We have a new pet. Okay, not really a “pet” per se. Pets are cute, cuddly, and you actually want them. This creature, who I’ll call Walter (after the uber-bizarre character on Fringe, which I sometimes watch because I love my son though I despise the show.) lives in the attic.
Walter is a squirrel. We know Walter lives up there because we’ve seen his beady eye balls glowing red in the flashlight beams. We would LOVE to get rid of Walter because he’s a danger to our house. Imagine chewing through electrical wire—my hope is the power would short before the cellulose insulation caught fire.
The big problem is we can’t figure out how Walter gets into the attic. We’ve walked the outside of the house looking for gaps. Nothing. The attic vents are secure. (When Cal was in grad school, he worked for a pest control company doing this sort of thing. But Walter is good and sneaky.) So Walter still lives in the attic and presumably gets out to gather food.

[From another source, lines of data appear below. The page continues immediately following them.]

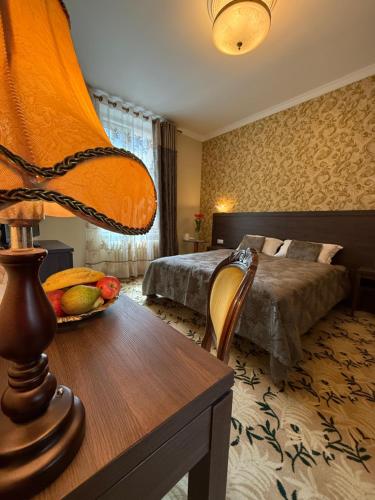 Deluxe Double Room image 4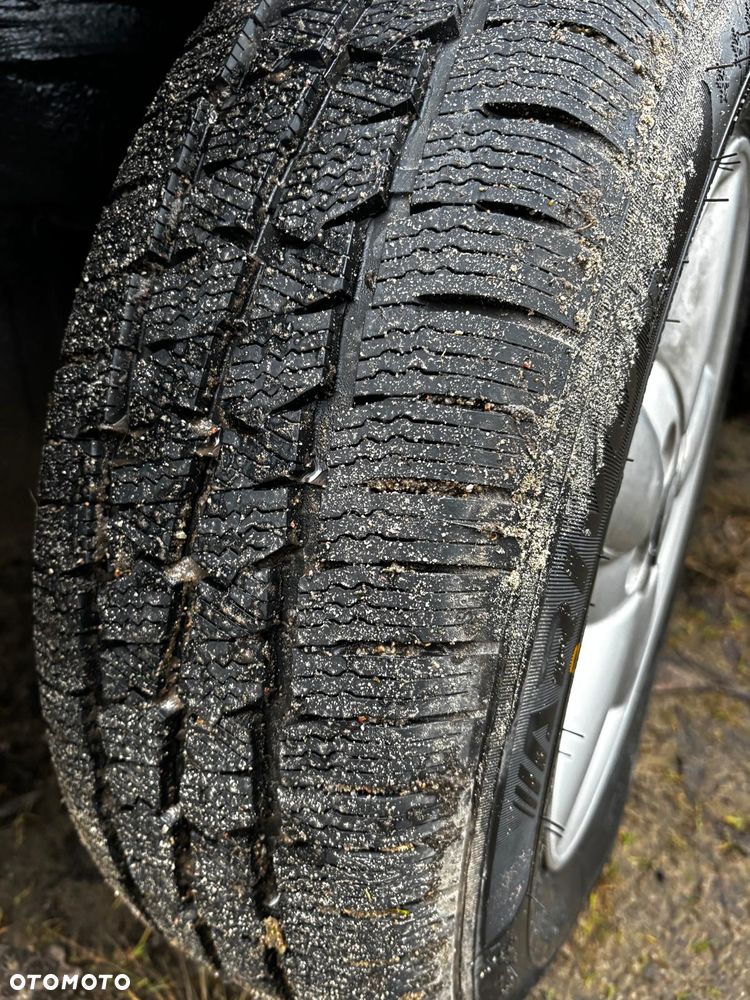 Volkswagen Multivan - 22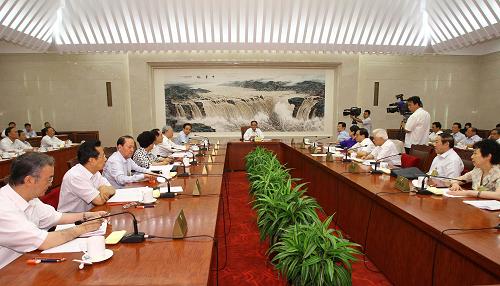 8月29日,十一届全国人大常委会第八十八次委员长会议在北京人民大会堂举行,吴邦国委员长主持会议。 新华社记者樊如钧摄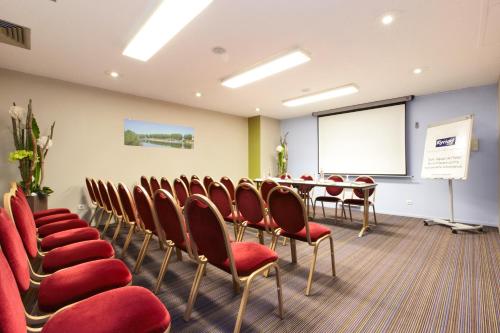 kyriad nevers centre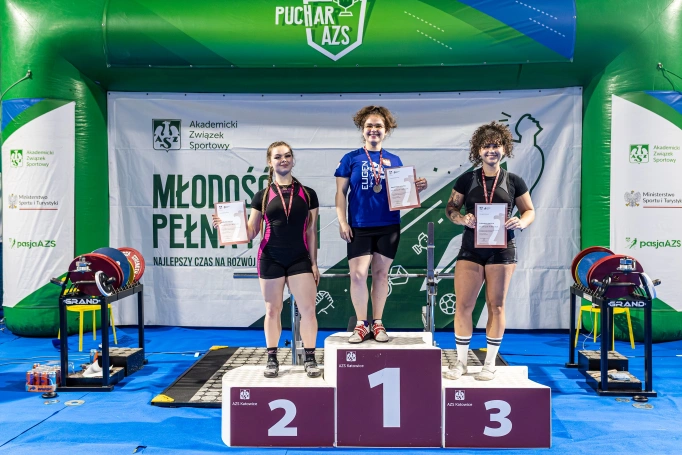 Zdjęcie nr 14 z galerii wyciskanie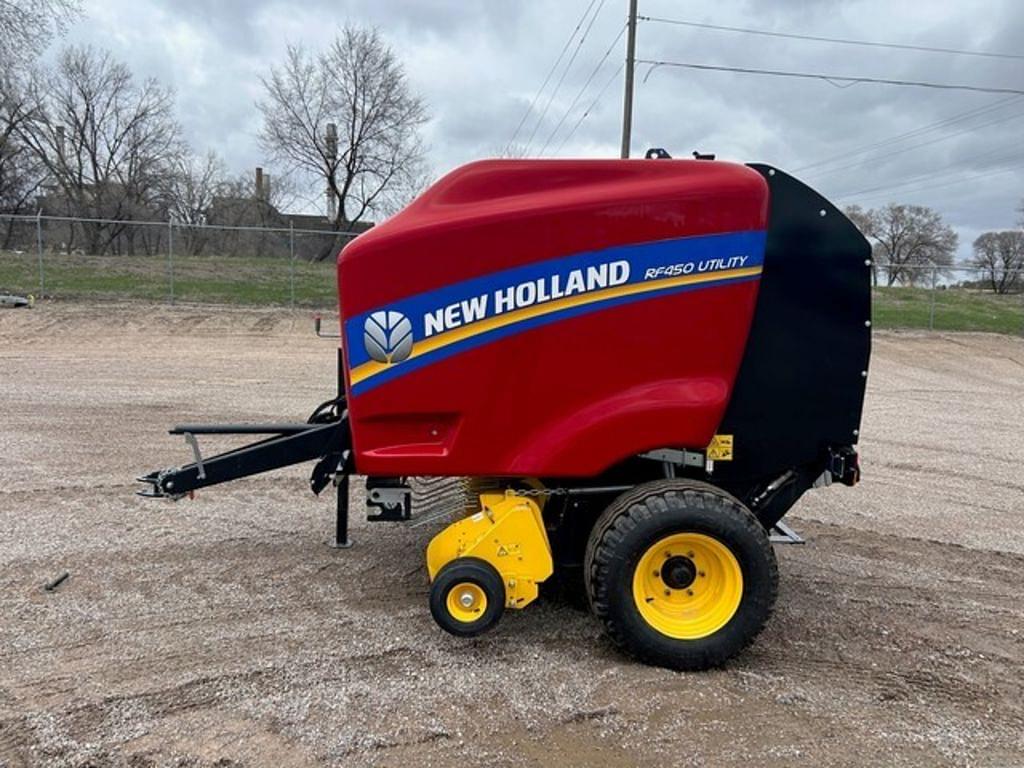 Image of New Holland RF450 Utility Image 0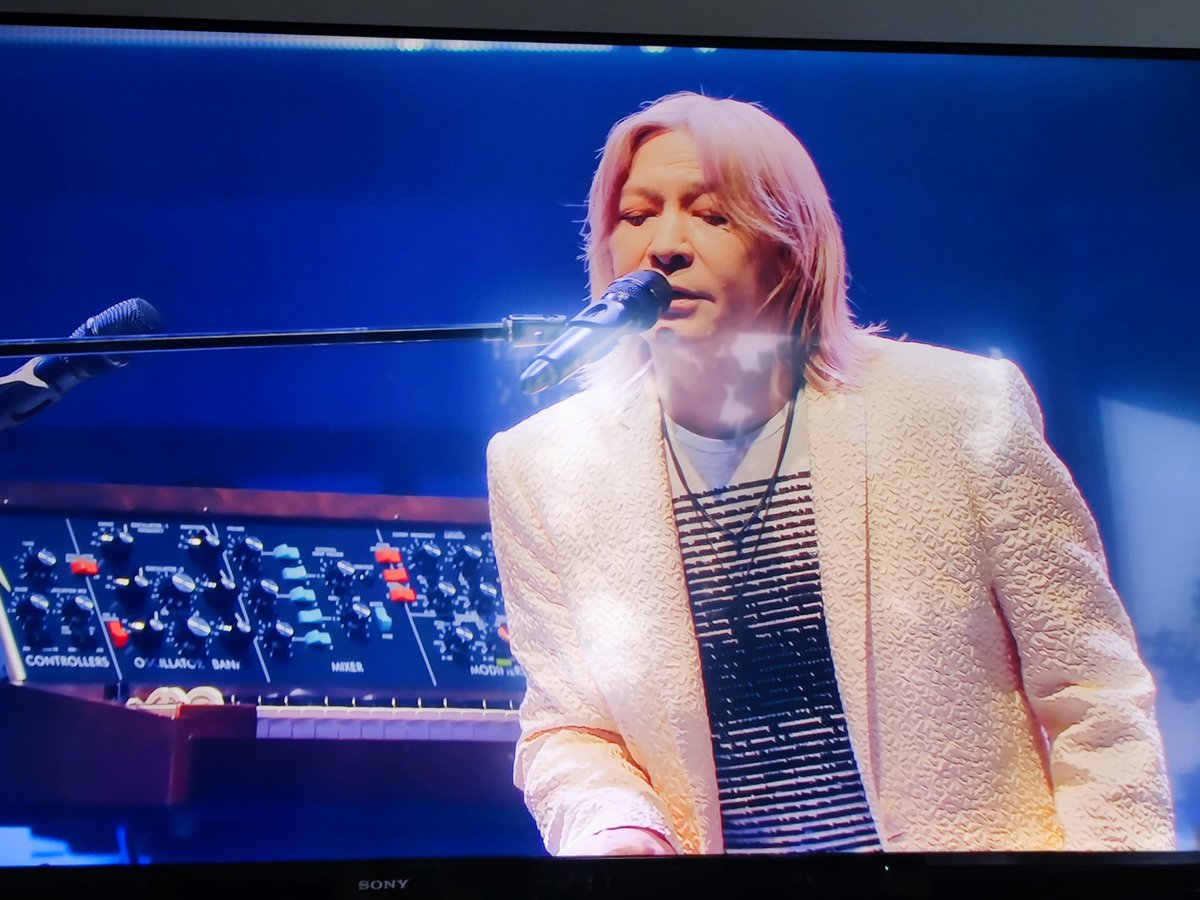 ChrisYukigami's tweet photo. @Sakadomc 40 ans après
Toujours aussi bons
Toujours aussi forts
❤️
#TMNETWORK
#FANKS
#TM40th
#Yonmaru
#TMネットワーク
#小室哲哉
#木根尚登
#宇都宮隆
#S3F https://t.co/l3AgQ8Fe0F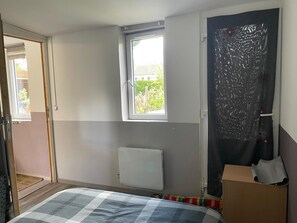 1 bedroom, bed sheets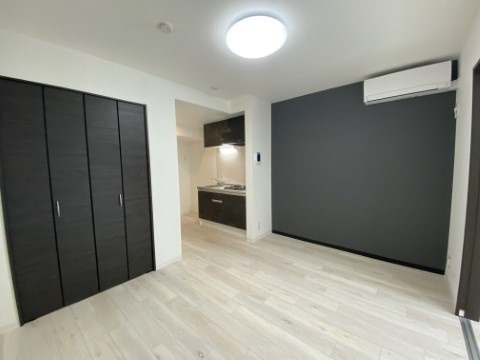 ��ʌ�����s�厚�����̃A�p�[�g�̋��ԁE���r���O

One day, we decided to track Walter in the attic. That idea had one great flaw—Walter is nimble as a squirrel and we are not. Other flaws: Our attic is huge so even finding Walter is a chore. Our attic has no lighting so you have to hold a flashlight in your mouth as you grab beams. Our attic has no flooring so would-be squirrel trackers must hop from rafter to rafter, hoping to avoid falling through the ceiling and hitting the wooden flooring after a 12 foot drop. Let’s just say that my college ballet instructor would be pleased at my leaps, balance and pirouettes. And before you get the false impression that I was actually a good squirrel tracker, let me explain that I ended up sitting on a beam while Calvin “danced” around the attic, chasing Walter.